Nintondo maybe with the Wii?



Apple bought the multi-touch stuff

I didn't know that they bought or licensed the entire UI paradigm from someone else. Or do you just mean the low level parts? Because there's more to a UI paradigm than the input device. So, if it's just the screen tech that Apple bought and not the interaction software, I would count multi-touch as an Apple-originated UI paradigm, just as you credit the desktop GUI to Xerox, not Stanford Research Institute where Engelbart invented the mouse.

Also, the iPod scroll wheel is an Apple-originated UI paradigm.


Well count yourself wrong: http://www.amazon.com/Fingerworks-IGESTURENUMPAD-iGesture-Pa...

That thing even let you switch between apps with gestures.

The iPod scroll wheel isn't an Apple paradigm either; jog dials for menu selection existed years before the iPod. I remember seeing it on the minidisc recorder in our school's music department.


That's not even a touchscreen. It's a trackpad with multitouch gestures designed for use with a desktop-based GUI on a PC. How is that equivalent to the iOS UI paradigm? That's like saying a mouse is equivalent to a Xerox Alto.


[deleted]


Of course; Fingerworks developed the input device, Apple developed the UI paradigm. There's more to a UI paradigm than the input device. How many times do I have to say this?
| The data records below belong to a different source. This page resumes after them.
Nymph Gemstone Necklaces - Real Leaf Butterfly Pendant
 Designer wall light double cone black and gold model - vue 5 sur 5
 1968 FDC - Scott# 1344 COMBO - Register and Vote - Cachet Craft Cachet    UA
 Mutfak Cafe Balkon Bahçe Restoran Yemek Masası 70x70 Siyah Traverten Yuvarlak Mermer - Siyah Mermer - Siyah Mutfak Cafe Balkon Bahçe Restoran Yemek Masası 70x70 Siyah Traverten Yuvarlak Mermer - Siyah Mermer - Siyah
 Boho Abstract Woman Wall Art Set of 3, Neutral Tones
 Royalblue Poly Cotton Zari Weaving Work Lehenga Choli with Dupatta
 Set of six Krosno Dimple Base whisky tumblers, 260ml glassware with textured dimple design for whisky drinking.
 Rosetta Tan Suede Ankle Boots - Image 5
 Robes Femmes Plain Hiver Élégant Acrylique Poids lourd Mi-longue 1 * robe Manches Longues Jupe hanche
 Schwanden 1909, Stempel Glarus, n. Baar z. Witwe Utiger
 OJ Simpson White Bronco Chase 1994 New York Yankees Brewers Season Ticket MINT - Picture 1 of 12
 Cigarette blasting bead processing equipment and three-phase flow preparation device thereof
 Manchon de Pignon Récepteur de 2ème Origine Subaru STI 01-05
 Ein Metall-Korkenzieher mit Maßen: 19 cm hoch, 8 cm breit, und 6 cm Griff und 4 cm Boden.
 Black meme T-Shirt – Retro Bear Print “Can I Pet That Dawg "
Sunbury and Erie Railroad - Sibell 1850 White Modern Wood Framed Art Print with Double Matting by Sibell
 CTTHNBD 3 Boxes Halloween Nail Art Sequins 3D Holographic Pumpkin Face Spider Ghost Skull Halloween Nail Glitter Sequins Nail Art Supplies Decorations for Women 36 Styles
Yeah, the rotating jog wheels on VCRs were the inspiration, but the touch wheel itself was pure awesome.

Don't forget, other companies were still scrambling to find a legal way to clone it right up until the day when Apple released the iPhone.


Multi touch is not even the most important part of the iOS UI. It could have been done without it.


The most important part of the user experience that multi touch input enables might just be an onscreen keyboard that doesn't suck by being frustratingly slow and/or error prone. Requiring the user to only ever be touching the screen location of one key at a time slows the user down. And when the inevitable happens, i.e. the user is touching two on-screen keys at once, to take the average (which lots of older single-touch screens did) is not acceptable for text entry.


Disagree. Apple paid Xerox for the GUI (in shares) but then added a number of elements we consider an integral part of the GUI.

Xerox had overlapping windows, a mouse, networking and Smalltalk.

Apple lost the network and Smalltalk (later to reappear as Appletalk and Obj-C) but added icons, pull-down menus and the desktop metaphor.


Xerox didn't "invent" the GUI any more than Apple did. (Xerox got its ideas from Englebart et al.) Apple's desktop UI was "original" insofar as anything is. Windows (and for that matter NeXT) pointedly was not. Similarly Newton had a complete and "original" UI. Then there's iOS.

Apple's track record here is pretty darn good.


Nokia S60?

Blackberry for mobile texting?

We're past them now but we still see lots of bad UIs that could learn with their success. I'm thinking about the heterogeneous button layouts on Android and previous generation Windows Mobile devices.